• **Task instructions**: Everything from the line holding "Set Doccia Rea Storm Black Matt" to the end of the listing below should be copied exactly, line for line, minus the pictures.
- - - - -
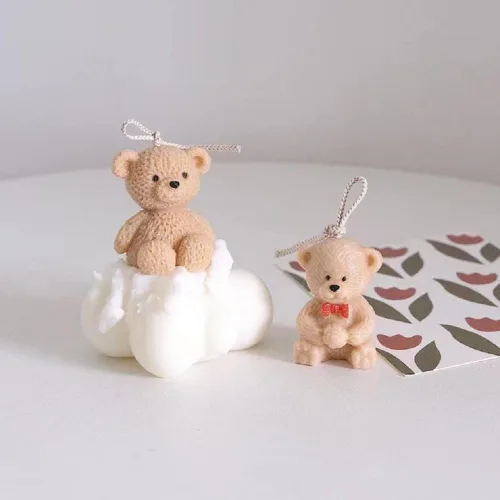 Vista 2 de Molde de vela de silicona con oso de peluche, 2 uds, para cera y jabón, resina, decoración de boda Flexible silicone for clean demolding, bow bear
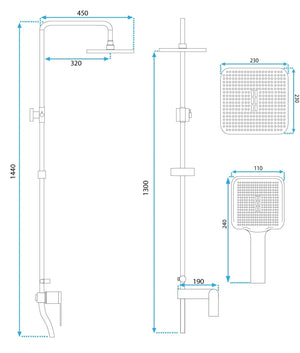Set Doccia Rea Storm Black Matt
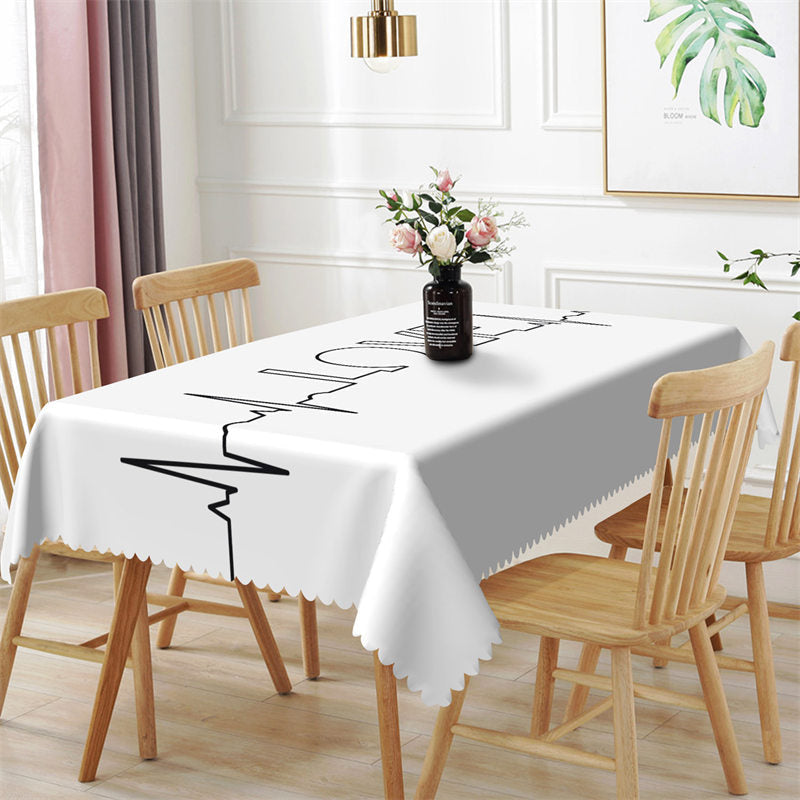 Aperturee - Love Black Wave Line White Rectangle Tablecloth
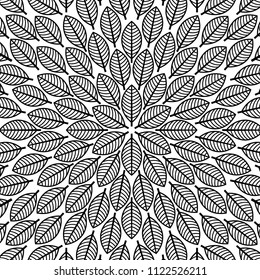 Vector round pattern with leaves. Floral pattern. Elegant beautiful nature ornament for fabric, wrapping and textile.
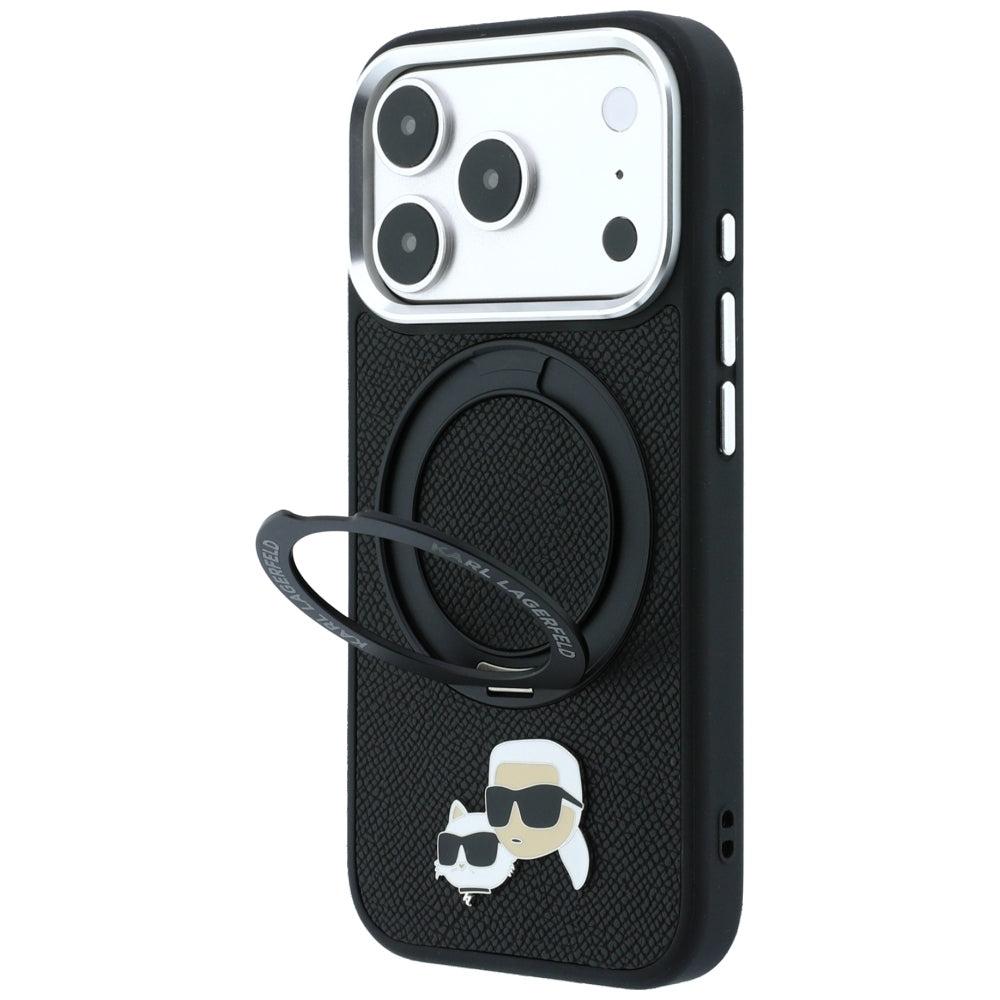 MagSafe-fodral för Apple iPhone 18 Pro / 17 Pro, Karl Lagerfeld, Ring Stand 360 Karl & Choupette Pin, Svart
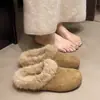 Chinelos Birkenstock Felpudos Femininos para Uso Externo 2026 Estilo Coreano Moderno Chique Chegada de Inverno Veludo Plus Quente Antiderrapante Chinelos de Algodão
- - - - -
• **Result of this exercise**:
Set Doccia Rea Storm Black Matt
 Aperturee - Love Black Wave Line White Rectangle Tablecloth
 Vector round pattern with leaves. Floral pattern. Elegant beautiful nature ornament for fabric, wrapping and textile.
 MagSafe-fodral för Apple iPhone 18 Pro / 17 Pro, Karl Lagerfeld, Ring Stand 360 Karl & Choupette Pin, Svart
 Chinelos Birkenstock Felpudos Femininos para Uso Externo 2026 Estilo Coreano Moderno Chique Chegada de Inverno Veludo Plus Quente Antiderrapante Chinelos de Algodão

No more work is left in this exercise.